TASK PROMPT ▸
Every entry below has to appear again in your reply, word for word, but no picture may.
== PROVIDED DATA ==
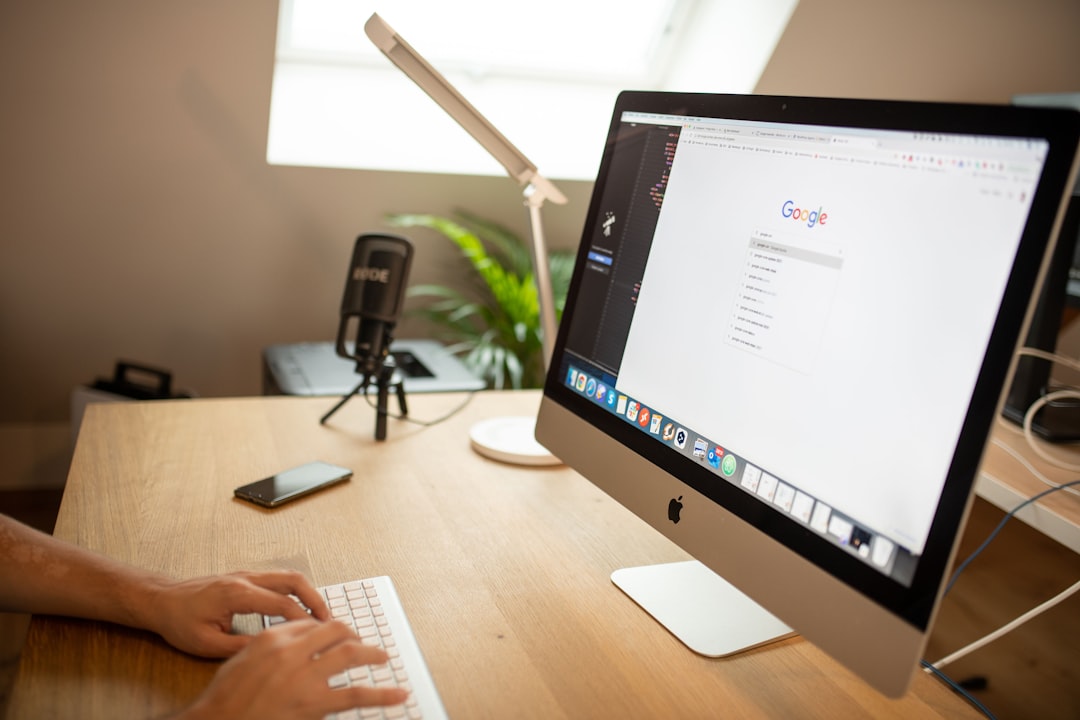 Person typing on a white keyboard at a wooden desk with an iMac, a microphone on a stand, a smartphone, a desk lamp, and a plant in the background.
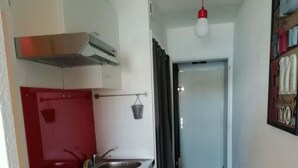 A compact kitchen with a stove, sink, and a red backsplash. A hallway leads to a door at the end. - Studio VUE MER (Agde)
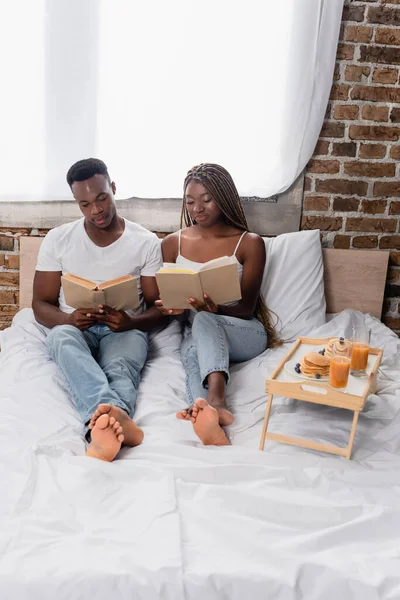 Pareja afroamericana leyendo libros cerca del desayuno en bandeja en la cama - foto de stock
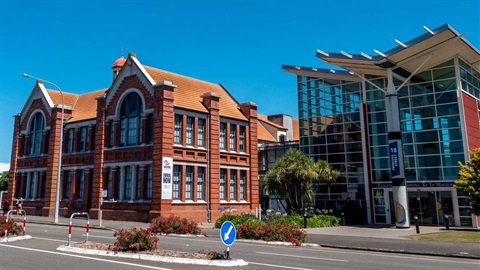 UCOL's Palmy campus is housed in a heritage brick building and a modern glass-fronted extension.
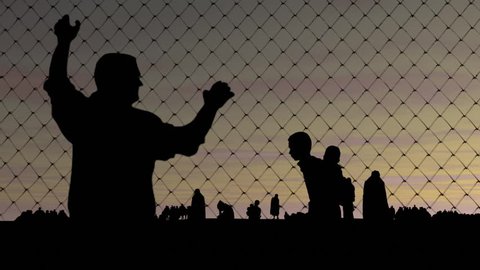 Refugees. Migrants behind barbed wire.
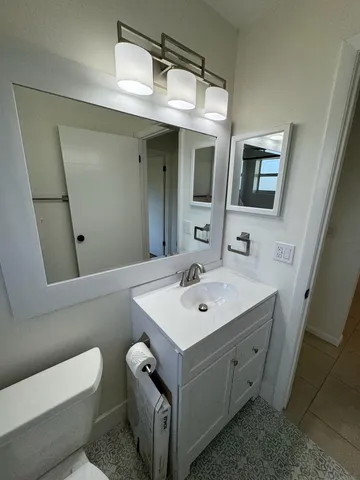 a bathroom with a toilet sink and mirror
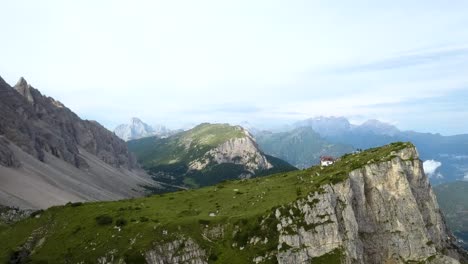 Aerial-of-a-small-house-on-a-cliff-mountain-ridge,-dolomites-italy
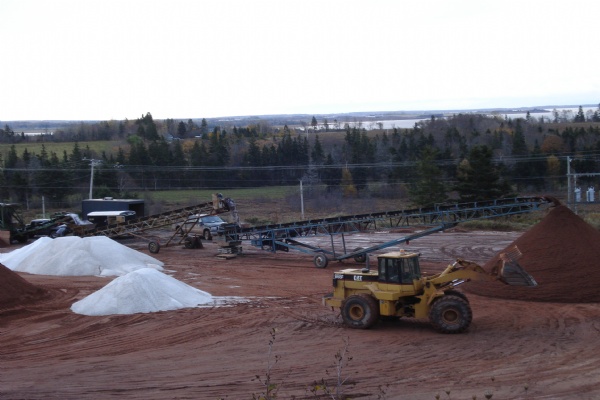 Blending Winter Sand, a salt sand mixture for winter ice control.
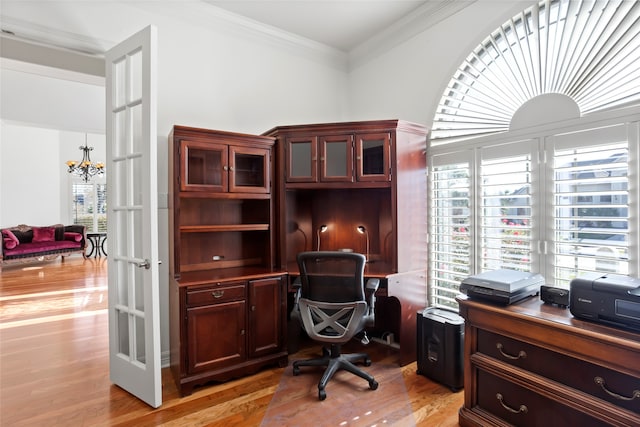 home office featuring french doors, a chandelier, crown molding, and light hardwood / wood-style flooring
===
THE ANSWER ▸
 Person typing on a white keyboard at a wooden desk with an iMac, a microphone on a stand, a smartphone, a desk lamp, and a plant in the background.
 A compact kitchen with a stove, sink, and a red backsplash. A hallway leads to a door at the end. - Studio VUE MER (Agde)
 Pareja afroamericana leyendo libros cerca del desayuno en bandeja en la cama - foto de stock
 UCOL's Palmy campus is housed in a heritage brick building and a modern glass-fronted extension.
 Refugees. Migrants behind barbed wire.
 a bathroom with a toilet sink and mirror
 Aerial-of-a-small-house-on-a-cliff-mountain-ridge,-dolomites-italy
 Blending Winter Sand, a salt sand mixture for winter ice control.
 home office featuring french doors, a chandelier, crown molding, and light hardwood / wood-style flooring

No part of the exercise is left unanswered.